----- DATASET RECORDS
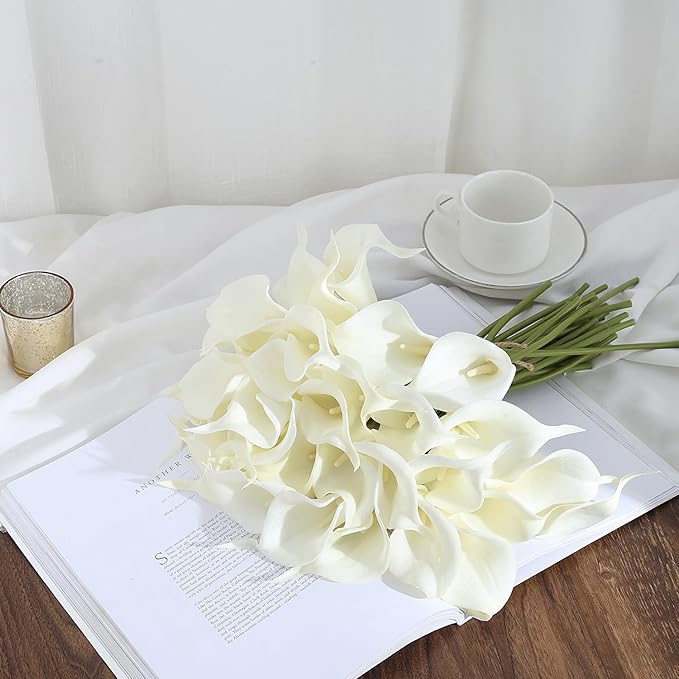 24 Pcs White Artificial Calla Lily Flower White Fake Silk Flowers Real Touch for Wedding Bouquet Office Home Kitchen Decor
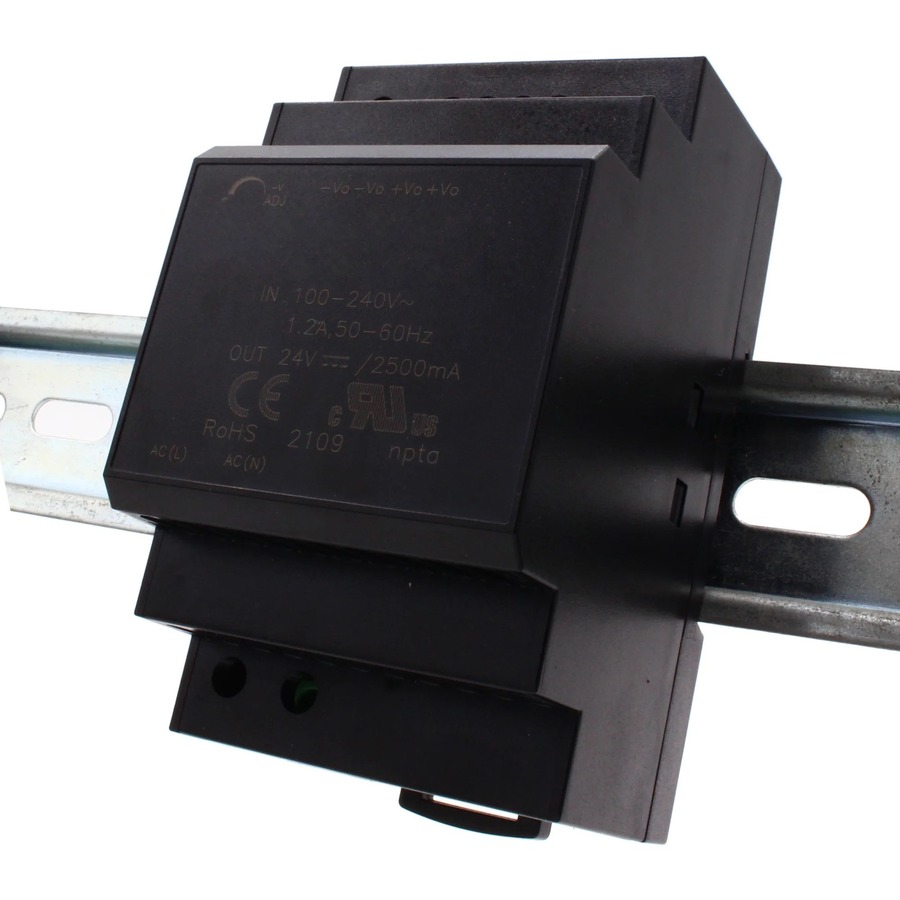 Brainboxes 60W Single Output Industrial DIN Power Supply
----------
----- DATASET RECORDS
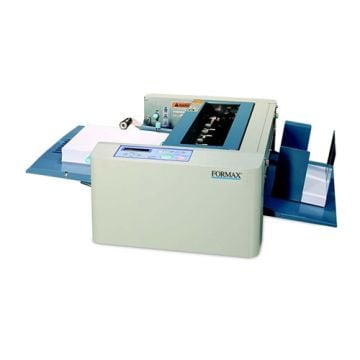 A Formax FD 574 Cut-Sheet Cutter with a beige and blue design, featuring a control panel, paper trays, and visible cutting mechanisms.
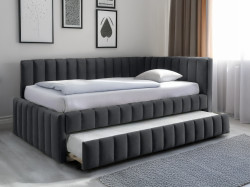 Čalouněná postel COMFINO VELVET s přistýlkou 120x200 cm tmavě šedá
----------
----- DATASET RECORDS
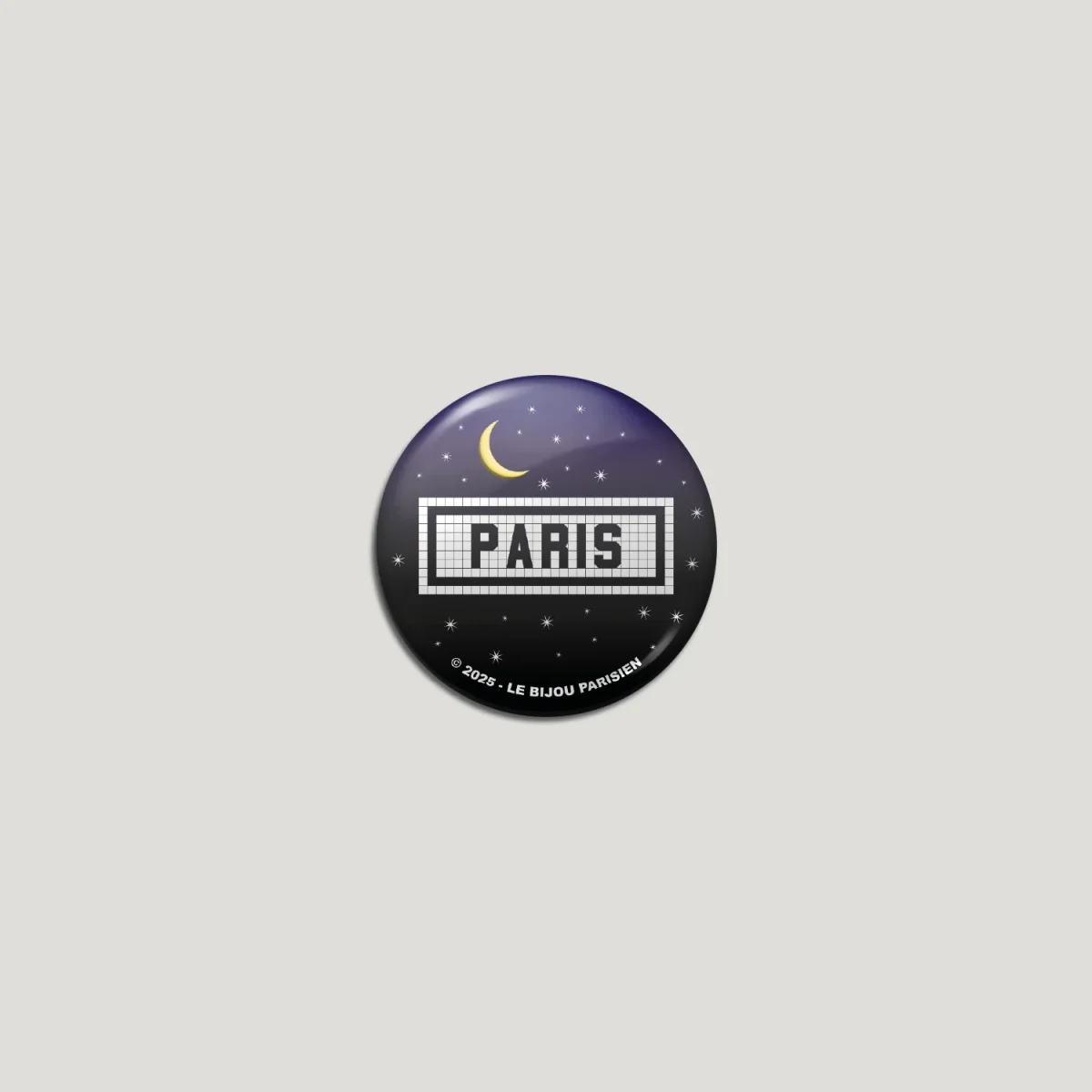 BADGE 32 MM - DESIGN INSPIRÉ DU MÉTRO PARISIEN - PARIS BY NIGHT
----------
## TASK TO COMPLETE:
From the listing above, repeat only the lines between the line containing "A Formax FD" and the line containing "Čalouněná postel COMFINO", those two included. Pictures are not part of the copy.

## SOLUTION BELOW:
 A Formax FD 574 Cut-Sheet Cutter with a beige and blue design, featuring a control panel, paper trays, and visible cutting mechanisms.
 Čalouněná postel COMFINO VELVET s přistýlkou 120x200 cm tmavě šedá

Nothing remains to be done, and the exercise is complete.